Make America What It Was Intended To Be

Marc Erlbaum
3 min readJun 24, 2020

I read an interesting line today from an author I respect, Jonathan Tobin: “Those who marched in the past for civil rights did so not because they felt that America was an irredeemably racist nation that needed to be completely rethought, but because they thought racism was a betrayal of the nation’s founding principles.” (https://bit.ly/2zXjzVI)

One of the essential questions at this moment of national reckoning seems to be this: is racism an inherent part of America, or a violation of the ideals that America is based on?

I believe it is the latter. That is not to say that racism isn’t systemic, but rather that it is not sanctioned or promoted by American ideology. To admit that there is institutional racism in America does not mean that America is a racist country. It means that we have not lived up to our ideals.

The difference is significant and not just semantic. In either case, there is racism that needs to be countered and corrected. But in one case, the system must be shattered and rebuilt, and in the other case, it must be improved and held up to the lofty standards that it has already set for itself.

In other words, do we say of ourselves that we mean well but we have failed to be our best and we need to be better? Or do we say that we are corrupt at the core and we need to be shamed, broken, and remade? Do we build each other up, or do we break each other down?

Psychologically speaking, casting blame and shame is not the most effective way to convince people to change. It is human nature to resist and fight back when one is attacked and put on the defensive. We will be far more inclined to improve when we are made to see our inherent goodness and potential, and we are inspired to be the best versions of ourselves.

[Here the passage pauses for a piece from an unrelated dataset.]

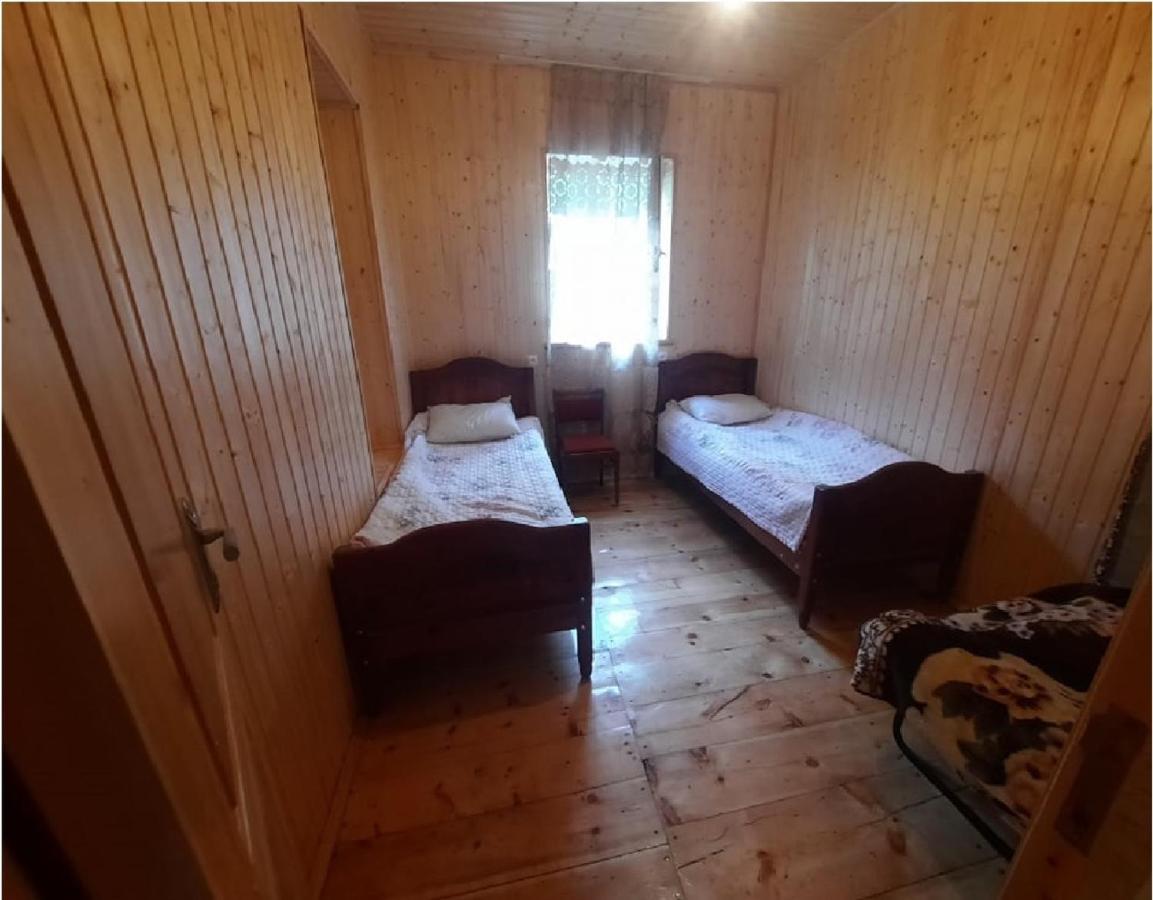 Nino & Tarzan Guesthouse Adishi Екстериор снимка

But aside of the question of motivation and human dynamics, there is the question of history and truth. We are allowing history to be rewritten by denying and erasing the noble values and ideals that were written into our Constitution. Yes, there are unforgivable atrocities and abuses woven throughout our history, but our country was founded on the fundamental principle that all people are created equal. Can we not recognize the beauty and integrity of our country and simultaneously work to make it better? Why must it be one or the other — that we must be either a racist, imperialist, materialist culture, or a paragon of altruism and absolute equality?

The reality — of our country and of each of us — is that we are flawed, but we are not inherently evil or irredeemable. Our intentions are good, our potential is great, and when we work together with empathy and generosity instead of accusation and vitriol, we will elicit the best in each other rather than the worst.

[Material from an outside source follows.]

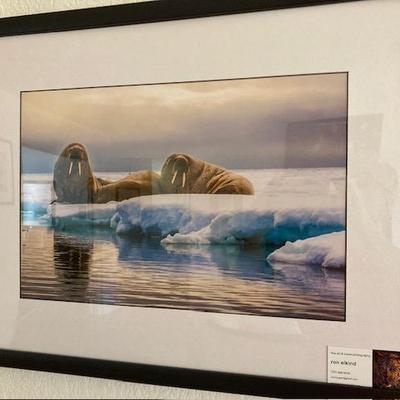 Sale Photo Thumbnail #21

“Make America What It Was Intended to Be” —perhaps that should be our new slogan. It is admittedly a bit clunky. But it recognizes both our flaws and our intentions.

Of course the truth is that our country (and our world) will only be as great as it can be when each of us admits our own shortcomings and works to live up to our own potential. Perhaps what we need is a personal motto rather than a national one, and if so, perhaps it should be “Make Me What I Was Intended to Be.” We were all intended to be human — that means that we are inherently flawed, but we share a humanity that enables us to see beyond each other’s imperfections and recognize the common drive within all of us to live, and love, and give, and grow.